So Why Did Capital One "Suddenly" Exit Mortgage Lending??

Last week, Capital One Financial (COF) announced that is was formally withdrawing from the residential mortgage loan market.  Some observers mistook this announcement for news, thinking that COF had actually been engaged in residential lending in a serious way.  Housing Wire, for example, reported that COF had “suddenly” exited the mortgage and home equity business.

In fact, despite several acquisitions, these motivated mostly by a desire to accumulate deposits, COF had never really cared about mortgage lending or anything other than credit cards and consumer loans.  “The challenging rate environment and marketplace ... do not allow us to be both competitive and profitable for the foreseeable future,” Sanjiv Yajnik, the president of financial services at COF, said in an internal memo.

At the end of Q2 ’17, COF had about 21% of its loan book in all real estate loans, including residential at 8% and about 12% commercial real estate loans.  Almost 60% of the balance sheet is “loans to individuals,” including credit cards, auto loans and other consumer revolvers.  Most large banks that inhabit Peer Group 1 have a third of their balance sheet in real estate exposures of one sort or another.  COF owns a big slug of mortgage backed securities, however, something to ponder as the Treasury yield curve slowly inverts under the weight of the Yellen Put.

The reason that COF looks askance at asset classes such as resi comes down to simple returns.  COF’s margin on net interest income is almost 7% on a tax equivalent basic compared with an average of 3% for Peer Group 1.  That’s more than 2x JPM, BAC, WFC, etc.  That fat spread comes from consumer loans.  Indeed, the yield on earning assets for COF was over 400bp higher than its asset peers at the end of Q3 ’17.  

Even with all that yield, however, COF still delivers high single digit equity returns overall.  Or put more bluntly, things like residential mortgages were dragging down the overall equity returns for the bank. Indeed, real estate loans including residential and CRE, are currently the lowest yielding loan category on COF’s book at 418bp.  

Credit cards comes in at a handsome 1,400bp and consumer loans is 725bp, according to the FDIC.  With fees and other goodies added in, total net revenue margin for the cards business rises to almost 17%.  Commercial & Industrial loans at 560bp are actually quite respectable for the large banks, with the weaker players such as Citigroup (C) laboring at less than half of that spread for C&I loans.

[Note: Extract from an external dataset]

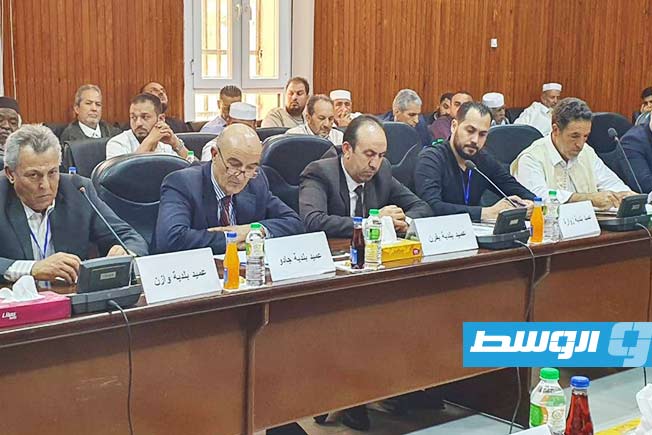 تيتيه خلال عقد اجتماع مع عمداء بلديات ومشايخ ونشطاء في نالوت، 12 يونيو 2025. (بلدية نالوت)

Real estate loans at COF have been falling as a percentage of total loans for the past five years.  During this same period, COF’s total assets have grown and its deposit base has essentially doubled.  The bank securitizes about $1 billion per quarter, including about $400 million in residential mortgage loan production that will gradually go away.  But this is actually a positive for COF, since the risk-adjusted return on residential lending is probably negative anyway.  Note that the bank is actually pursuing retail investment advisory business alongside the consumer credit products. 

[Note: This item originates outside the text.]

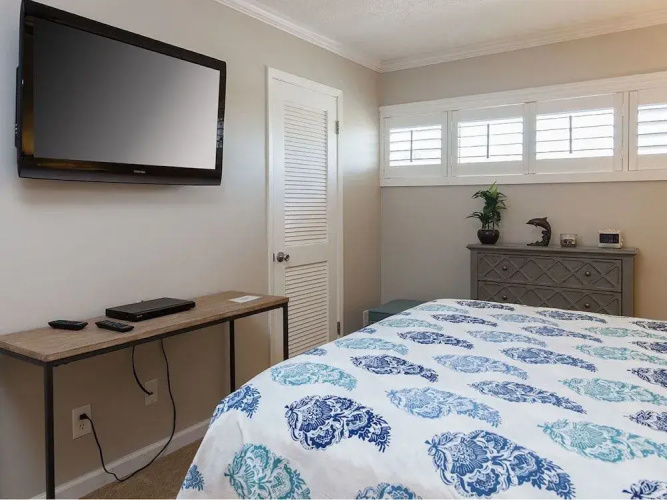 Gulf Shore Condo #306 - 1 Br condo by RedAwning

Thanks to the blessing of the Dodd-Frank law and the constant intercessions of the folks at the Consumer Finance Protection Bureau, who have turned extortion into a form of public policy, residential mortgage lending is now a loss leader for most of the US banking industry.   COF is merely the latest commercial bank to make the obvious decision, namely that residential lending is not a business worth doing – at least without significant scale.  And in any event, the double digit return available from credit cards is pretty hard to argue with any day of the week.

Last thought.  COF is the largest monoline consumer credit card issuer, but Citi is the largest credit card shop in the industry.  Given that the latter has already bailed out of asset management and residential mortgages, may be time to slam these two consumer credit shops together and call it a day.  There may not be much organic growth in the banking industry and even less alpha, but there is always M&A.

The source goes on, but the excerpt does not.